There are very few if any ways to accumulate and amplify errors in the system. It's no wonder Linus created a working prototype so fast. It's the simplest thing that could possibly work. But this simplicity is also the reason why binaries occupy so much space.

A system can be so simple that there are obviously no errors, or so complex that no errors are obvious. In the middle ground we get progress by someone mathematically proving the soundness of a technique, and then a group of people working together to match the implementation verbatim to the proven technique.

Pijul seems to be stepping into that middle space, but it's not clear to me if we're going to follow, or if something else like it will get us moving. I do like the concept, but as someone else stated, it doesn't seem to be very lively right now.




I absolutely love, and recommend to any new team members, GitX [0] and other similar Git visualizers. It's incredibly valuable to be able to instantly see the Merkle Tree drawn out and say "oh, the reason my current HEAD isn't picking up thing X that I thought I'd merged in, is because thing X isn't visually an ancestor of my HEAD even though temporally it might have happened earlier than my most recent commit."

I see newer engineers struggling to memorize "what Git command corresponds to my current situation" all the time, and they're missing the intuition that it's all a very simple graph under the hood. Github, I think, does a disservice by trying to present commits as a linear list - while certainly it's easier to code a linear visualization, it makes people feel like Git is impenetrable magic, when it's anything but.

(Full disclosure: my love of visualizations of commit graphs may very much be influenced by the game Fringer [1], which was a formative part of my childhood!)

[0] https://rowanj.github.io/gitx/

[1] https://www.youtube.com/watch?v=mAV7IioO_t8


> I see newer engineers struggling to memorize "what Git command corresponds to my current situation" all the time, and they're missing the intuition that it's all a very simple graph under the hood.

The reason I have run into this has almost always been because what I want is “take this commit and move it here” and the command for it is some sort of git frobnicate --cached --preserve-stashed that you look up online. “It’s a graph” is great and takes like thirty seconds to explain but once you get that done with it provides almost no insight in how you’re actually supposed to interact with the porcelain to get that graph in the state you want it to be.
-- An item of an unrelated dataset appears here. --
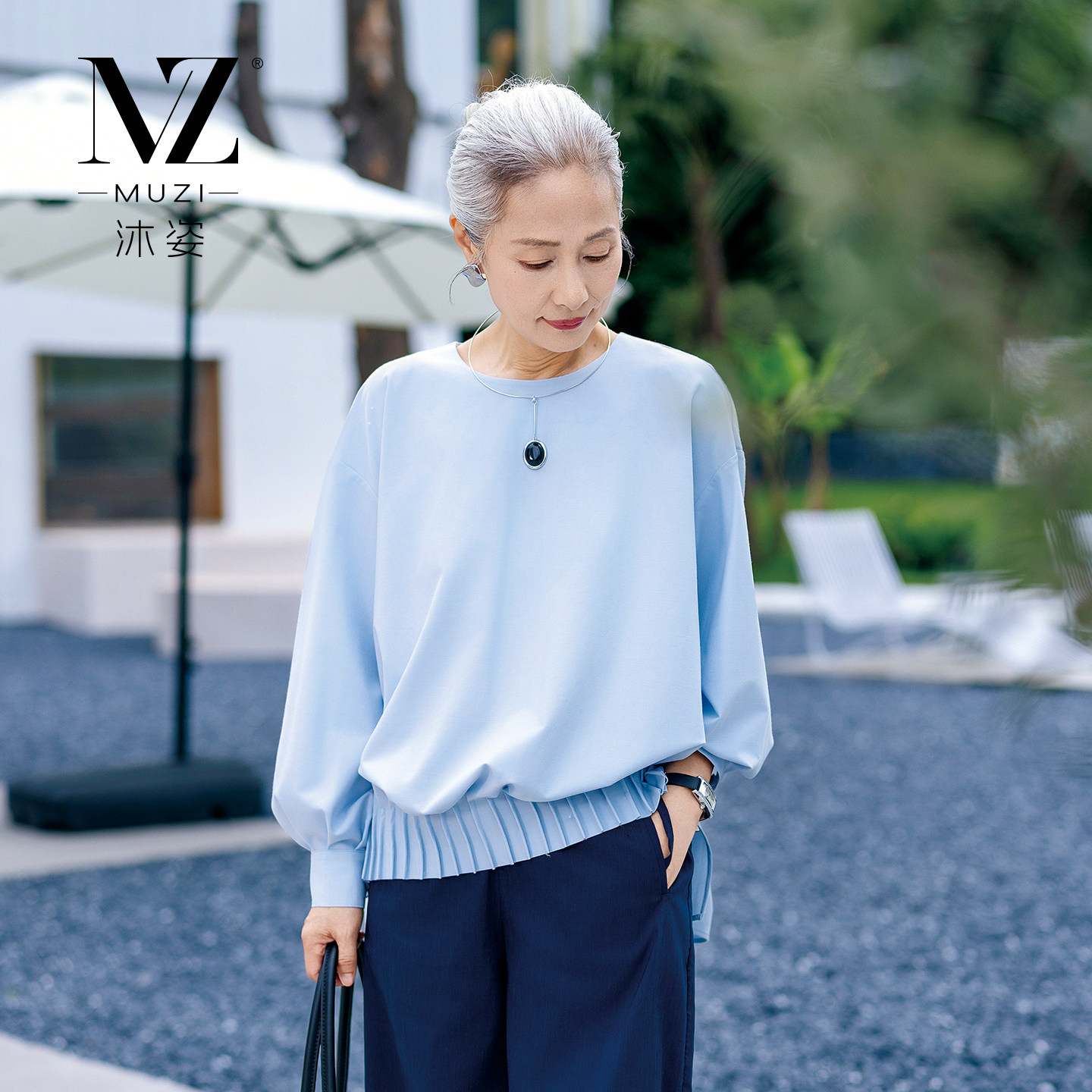 MZ沐姿女装春秋装长袖T恤衬衫上衣中年秋天洋气休闲短款蓝色衬衣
> “take this commit and move it here”

Isn't that just `git cherry-pick $COMMITID`?


In the simple case, yes. But what if it’s a merge commit? What if there is a conflict and I actually want the result to split into two clean diffs that I’ll specify (so that both compile, of course). What if I want it inserted somewhere in the middle of a branch? What if the branch doesn’t exist yet but I want to do this to a remote branch without having to check out something new locally? What if I want to apply the change but lie about the author?

Git is able to do all these things, and I am actually quite pleased that it can support all of these strange workflows. But it still isn’t at all obvious how you’d get these to work if you know the operation to apply a commit was “git cherry-pick”. (I have also noticed that “git rebase” is often a, if not the answer to every “how do I fix my tree” question. But it’s certainly not advertised as such, which is beyond me.)
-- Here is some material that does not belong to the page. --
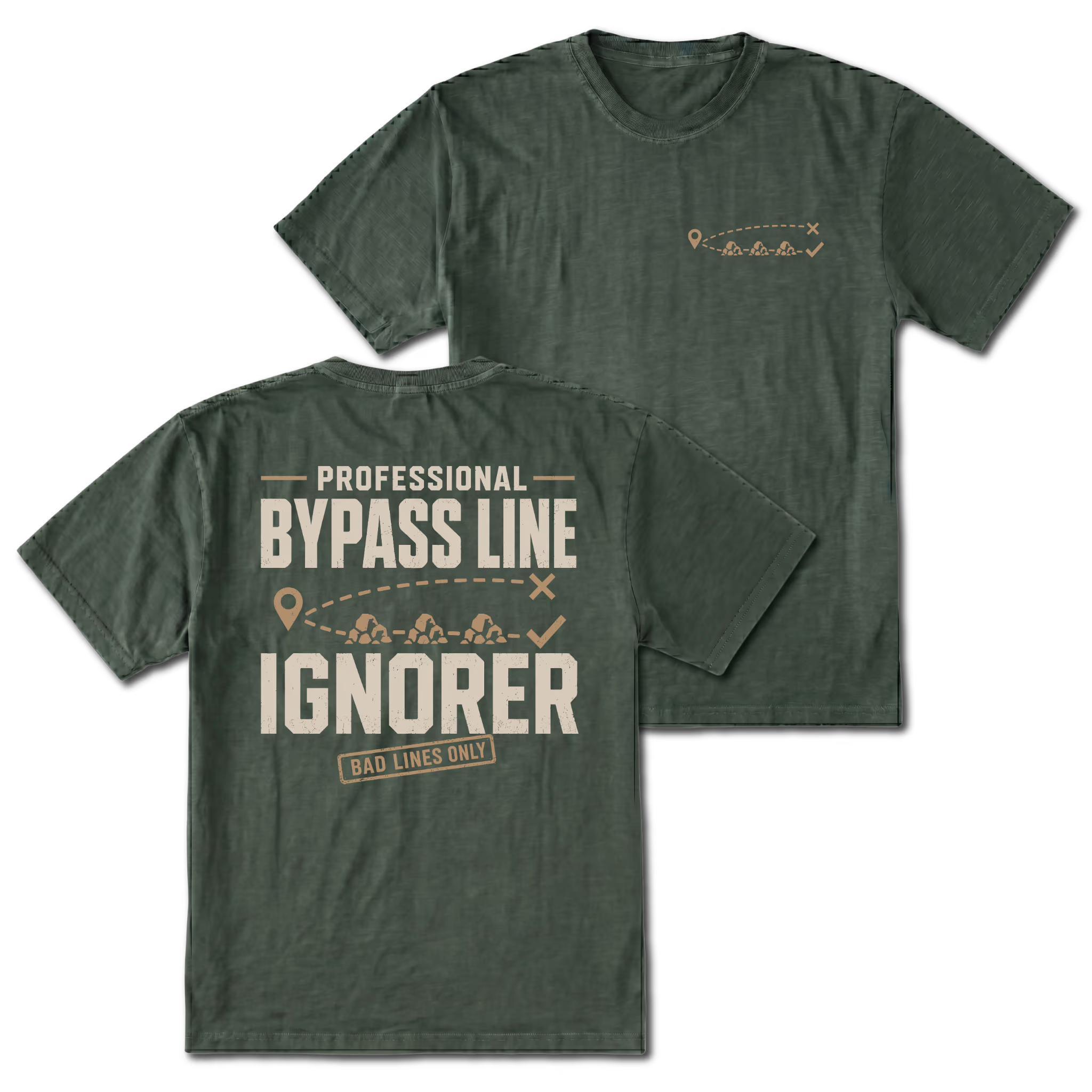 Moss T-shirt with Professional Bypass Route Ignorer back design and small trail route front chest print by Trail Snark.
Right, if you want something complicated then it will be complicated, but saying that “take this commit and move it here” is complex is definitely false.


The point I’m trying to make is that I’m very opposed to people who go “the tree is so simple, if you understand it you’ll know how to use Git”. No, the tree is simple, the tools to work with it are not. None of the things I described have complicated end states, because in general you can’t tell how much work goes into getting to a particular from the final graph you get out of it.


not to be trite but the end result of this intuitive system seems to be to bolt on even more math and made up acronyms - both of which beginners really struggle with and most non college educated journeymen devs misunderstand coz of the esoteric nature of their education.

looking forward to

'merge patch graggle revert --flatten'

posts littering stack overflow in the future


Strong agree for git rebase. When I write docs/teach folks about git, I almost never even mention merging. It's just generally very rarely useful, and I find it kind of makes git as a whole more of a black box. "git rebase -i" gives a much clearer picture of what's happening, and will let you solve significantly more complicated problems with the same tools and mental model.


Have you tried the gitless porcelain?


I have not, although I took a look at some point. I really like staging areas :(


Another quick visualization method built into Git:

  git log —-graph —-oneline —-decorate

  # —-graph for the visualization
  # —-oneline for compact commits
  # —-decorate for tag and branch refs
You can also add:

  # —-all to include all branches
I typically add aliases to ~/.gitconfig to use these options by default.


TRIED: git log —-graph —-oneline —-decorate GOT: fatal: ambiguous argument '—-graph': unknown revision or path not in the working tree. Use '--' to separate paths from revisions, like this: 'git <command> [<revision>...] -- [<file>...]'


Retype the dashes, you've posted something different to GP, em dash en dash, or something, presumably your browser/clipboard/term did something funky when you copied.


Should be:

    git log --graph --oneline --decorate


Thanks for correcting my error. Stupid “smart” dashes on my phone.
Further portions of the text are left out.